Environment Secretary, Michale Gove, championed this new legislation. He crafted a message around the new law, insisting it would uphold England’s reputation as a leader in animal welfare. In a press release issued by the British government, Gove stated, “We have some of the highest animal welfare standards in the world and want to cement our status as a global leader by continuing to raise the bar.”
Gove furthered his argument by pointing to the consultation, demonstrating the constituent’s strong support for this measure. “The reaction to the consultation highlights the strength of feeling among the public that all animals should be treated with the utmost respect at all stages of life and be subject to the highest possible welfare standards.”
According to Gove, passing this legislation would be an extremely beneficial move for Parliament.
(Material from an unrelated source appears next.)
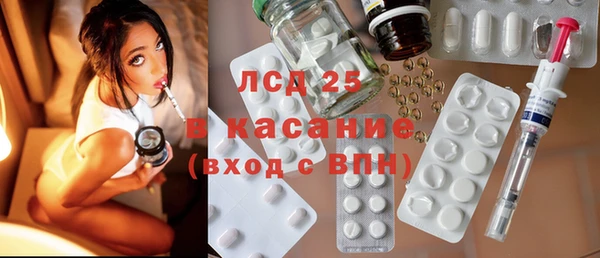 ПСИЛОЦИБИНОВЫЕ ГРИБЫ Абаза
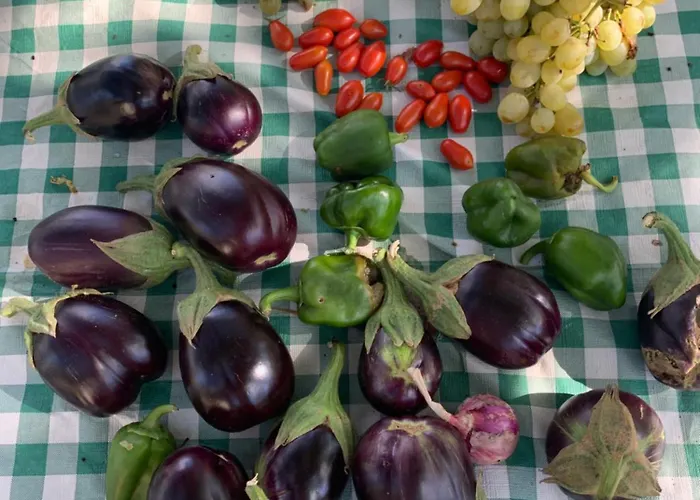 アパート Παραδοσιακός Πέτρινος Ξενώνας Σε Φάρμα *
The progressive act would strengthen England’s global prowess in the field of animal welfare, as well as gain favorable attention from the constituents it serves.
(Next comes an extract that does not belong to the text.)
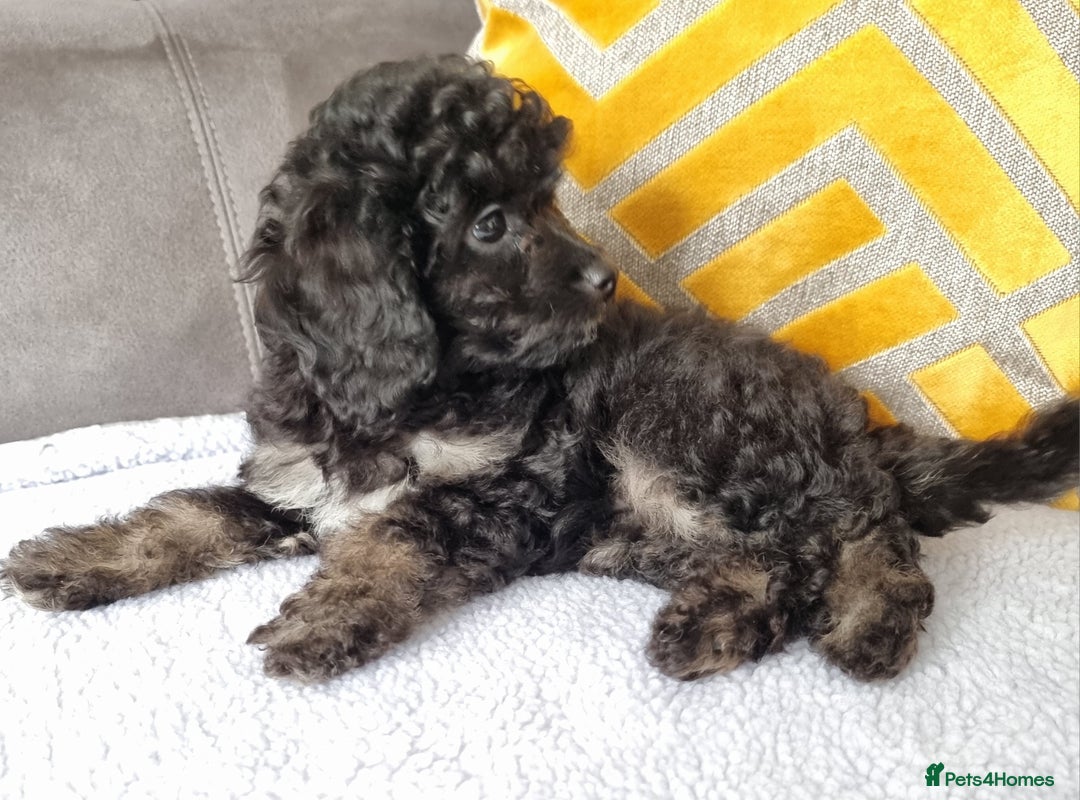 Cockapoo dogs for sale: Fully Vaccinated, Adorable small Cockapoo puppies - Image 10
The specifics of this legislation involve mandatory installation of CCTV cameras in every area where live animals are present. The real-time footage will be available for review by the government’s Food Standards Agency’s (FSA) Official Veterinarians, who will have unrestricted access to the past ninety days of recordings. If a business is found to be uncompliant in its animal welfare practices, the FSA can issue an enforcement warning, suspend or revoke a worker’s license, or initiate a criminal investigation, depending on the severity of the mistreatment.
Heather Hancock, Chairman of the FSA, is hopeful regarding this mandate. She spoke on behalf of the agency, stating, “I welcome this new legislation being introduced. It will help businesses to improve animal welfare and hygiene standards across the industry.” She continued, “We look forward to working with the industry as CCTV plans are implemented, and to seeing public confidence rise as a result.”
Although the goal is to improve animal welfare and reduce suffering, there is a fear that this legislation will support complacency in regards to animal butchery. If consumers are assured their food is treated humanely before slaughter, will they question the inhumanity of slaughter itself? Animal Aid, the UK’s largest animal rights group, has shown support for the new law, recognizing it as a baby step toward a more compassionate world. However, its Director, Isobel Hutchinson, did ask for independent reviews of the footage, in addition to the Official Veterinarian reviews.
Hutchinson further remarked, “It is also vital to remember that there is no such thing as cruelty-free slaughter. Even when no laws are broken, slaughter is a stressful, brutal and violent process. No animal wants to die, and there is simply no need to rear and kill animals for food. Since we can be happy and healthy on a completely animal-free diet, we urge anyone who cares about animals to go vegan.”
The full legislation was brought before Parliament on February 23, 2018, and is scheduled to take effect in May 2018. Businesses will have six months to comply with the mandate, meaning that all English slaughterhouses will have live cameras by the end of this year.